Desseyn J L, Aubert J P, Van Seuningen I, Porchet N, Laine A
Unité 377 INSERM, Place de Verdun, 59045 Lille Cedex, France.
J Biol Chem. 1997 Jul 4;272(27):16873-83. doi: 10.1074/jbc.272.27.16873.
MUC5B, mapped clustered with MUC6, MUC2, and MUC5AC to chromosome 11p15.5, is a human mucin gene of which the genomic organization is being elucidated. We have recently published the sequence and the peptide organization of its huge central exon, 10,713 base pairs (bp) in length. We present here the genomic organization of its 3' region, which encompasses 10,690 bp. The genomic sequence has been completely determined.

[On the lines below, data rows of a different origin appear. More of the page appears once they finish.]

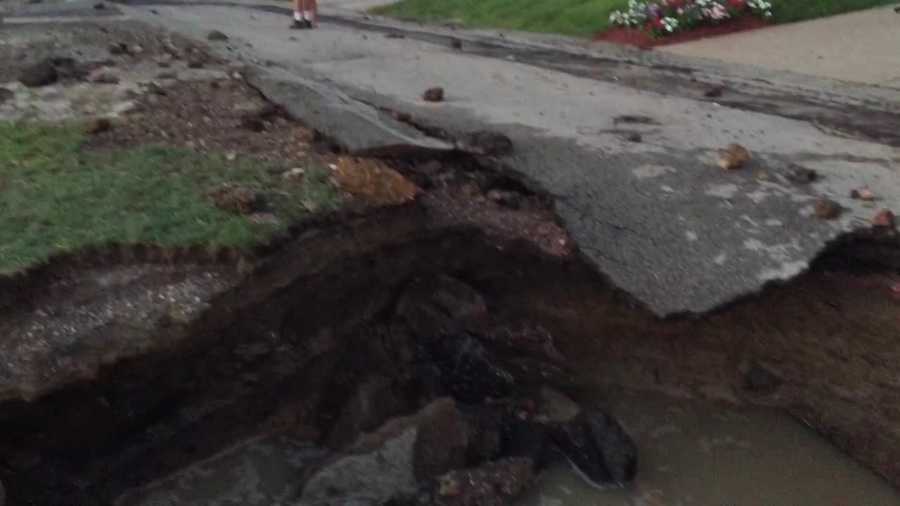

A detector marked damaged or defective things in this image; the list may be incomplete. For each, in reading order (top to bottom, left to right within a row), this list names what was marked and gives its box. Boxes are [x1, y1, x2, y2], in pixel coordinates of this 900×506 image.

cracked asphalt [8, 0, 900, 314]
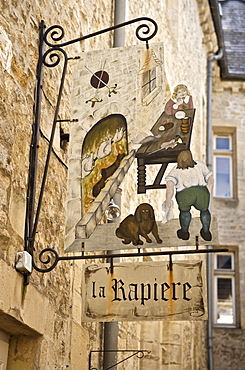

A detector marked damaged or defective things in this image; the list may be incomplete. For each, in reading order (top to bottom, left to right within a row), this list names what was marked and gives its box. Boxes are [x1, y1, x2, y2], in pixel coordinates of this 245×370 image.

rusty metal [88, 348, 150, 368]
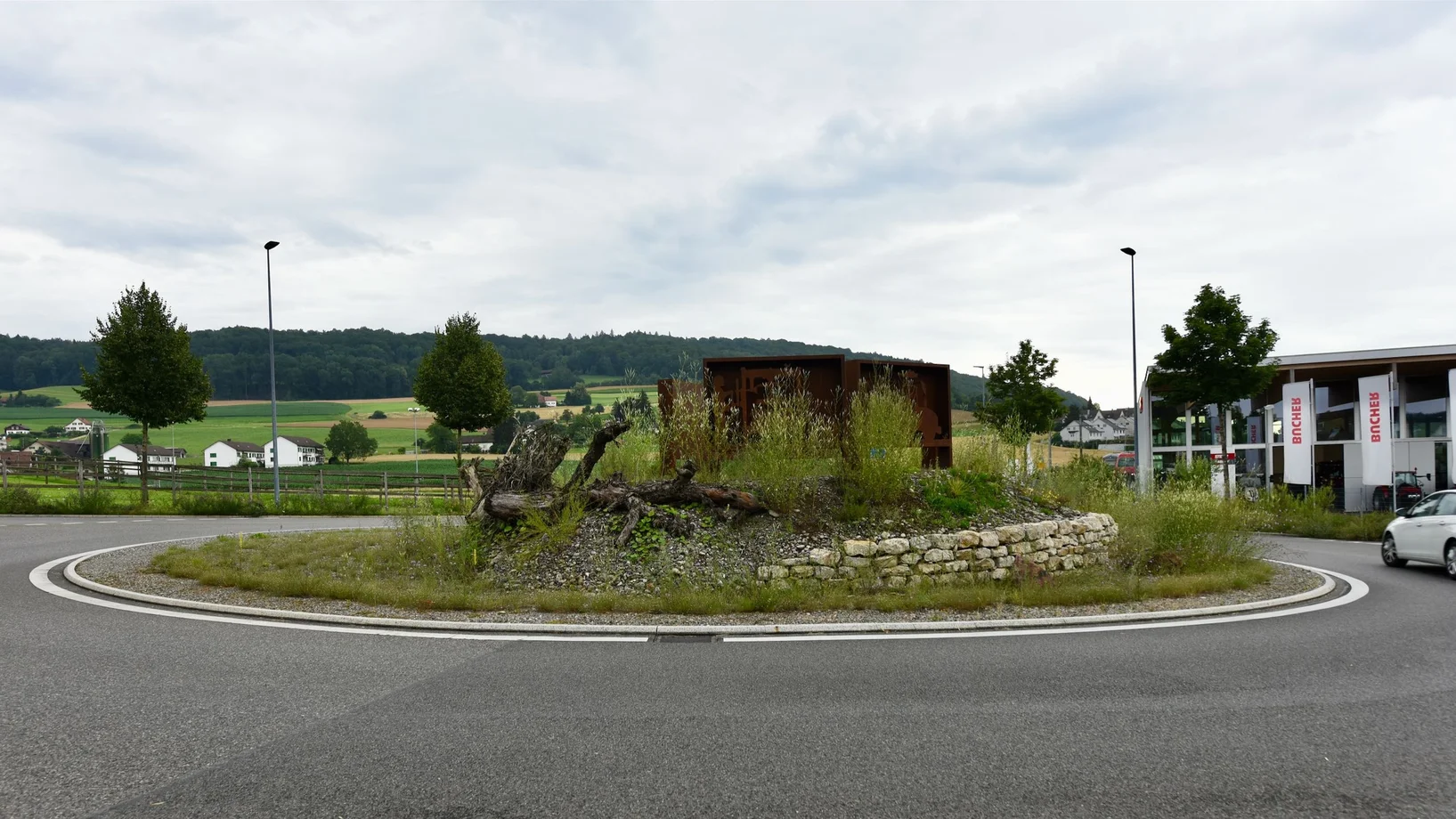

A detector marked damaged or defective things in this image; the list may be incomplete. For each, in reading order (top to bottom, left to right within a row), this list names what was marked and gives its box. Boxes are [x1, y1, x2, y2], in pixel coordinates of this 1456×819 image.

rusty steel sculpture [663, 353, 955, 468]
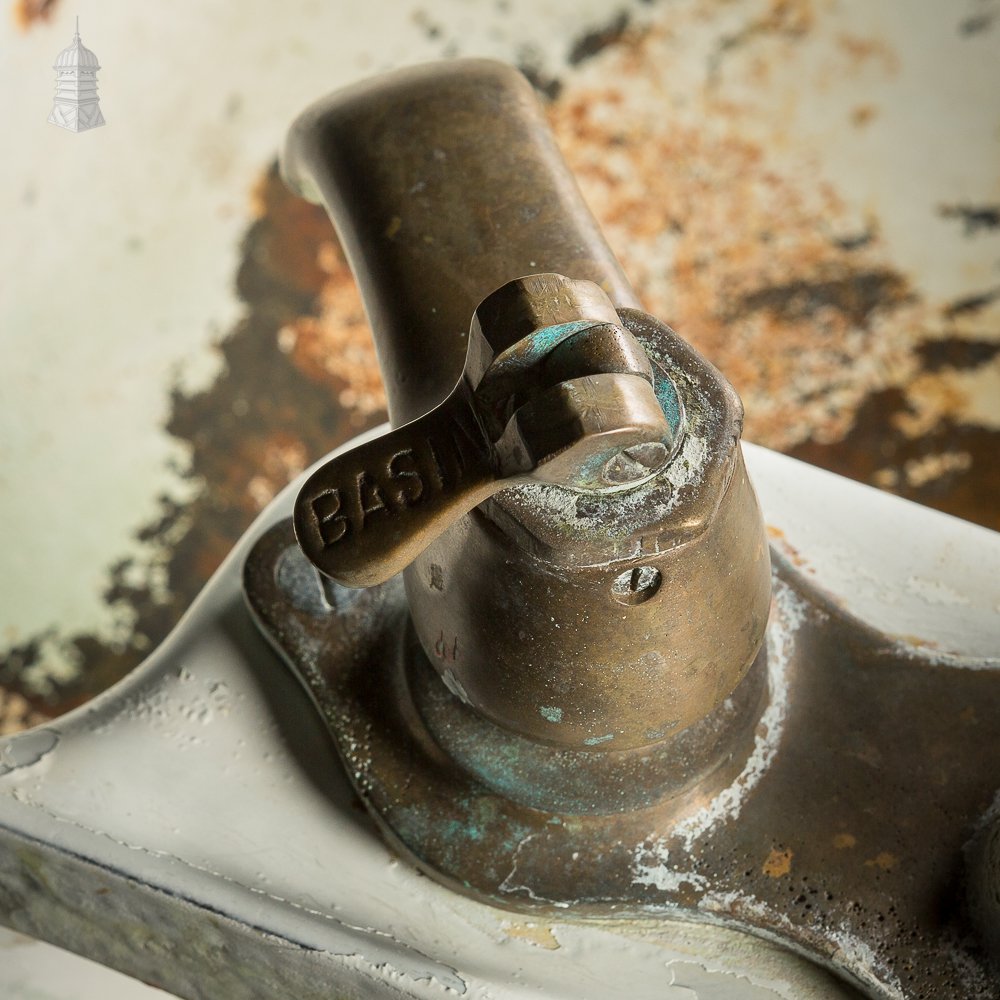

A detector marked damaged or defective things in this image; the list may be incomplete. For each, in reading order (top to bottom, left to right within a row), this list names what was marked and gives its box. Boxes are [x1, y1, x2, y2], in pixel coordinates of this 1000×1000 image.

rust stain [11, 0, 58, 29]
rust stain [760, 844, 792, 876]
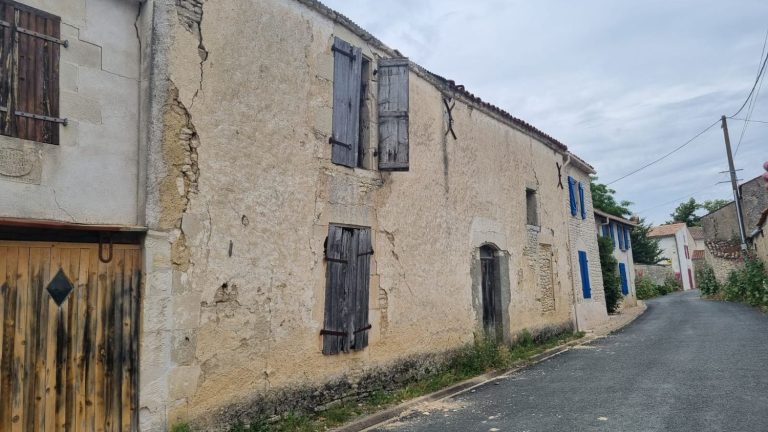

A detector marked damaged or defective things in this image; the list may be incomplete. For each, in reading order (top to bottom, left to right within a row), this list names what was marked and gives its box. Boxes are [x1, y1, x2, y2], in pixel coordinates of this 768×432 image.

damaged facade [0, 0, 612, 430]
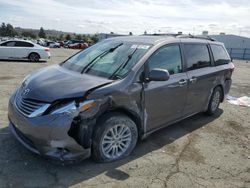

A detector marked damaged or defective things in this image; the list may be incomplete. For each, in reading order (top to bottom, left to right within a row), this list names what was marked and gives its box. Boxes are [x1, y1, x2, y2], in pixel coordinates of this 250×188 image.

damaged front bumper [8, 94, 91, 162]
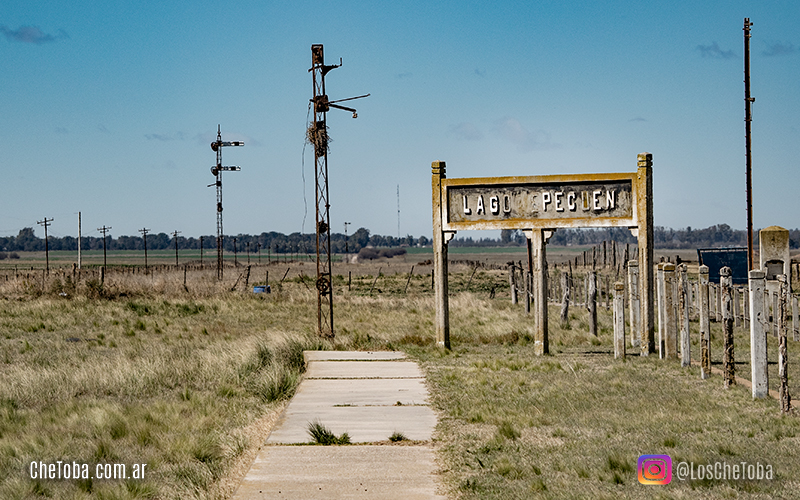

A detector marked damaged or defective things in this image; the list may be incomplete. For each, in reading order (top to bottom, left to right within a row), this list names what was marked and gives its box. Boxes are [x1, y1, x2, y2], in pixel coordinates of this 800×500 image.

rusty metal signal mast [208, 124, 242, 280]
rusty metal signal mast [310, 45, 368, 338]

The 3' region of MUC5B is composed of 18 exons ranging in size from 32 to 781 bp, contrasting thus with the very large central exon. The sizes of the 18 introns range from 114 to 1118 bp. Some repetitive sequences were identified in four introns. The peptide deduced from the sequence of the 18 exons consists of an 808-amino acid peptide. This carboxyl-terminal region exhibits extensive sequence similarity to MUC2, MUC5AC, and von Willebrand factor, particularly the number and the positions of the cysteine residues, suggesting that this domain may be derived from a common ancestral gene. The presence in these components of a cystine knot also found in growth factors such as transforming growth factor-beta is of particular interest. Moreover, one part of this peptide is identical to the 196-amino acid sequence deduced from the cDNA clone pSM2-1, which codes for a part of the high molecular weight mucin MG1 isolated from human sublingual gland. Considering the expression pattern of MUC5B and the origin of MG1, we can thus conclude that MUC5B encodes MG1.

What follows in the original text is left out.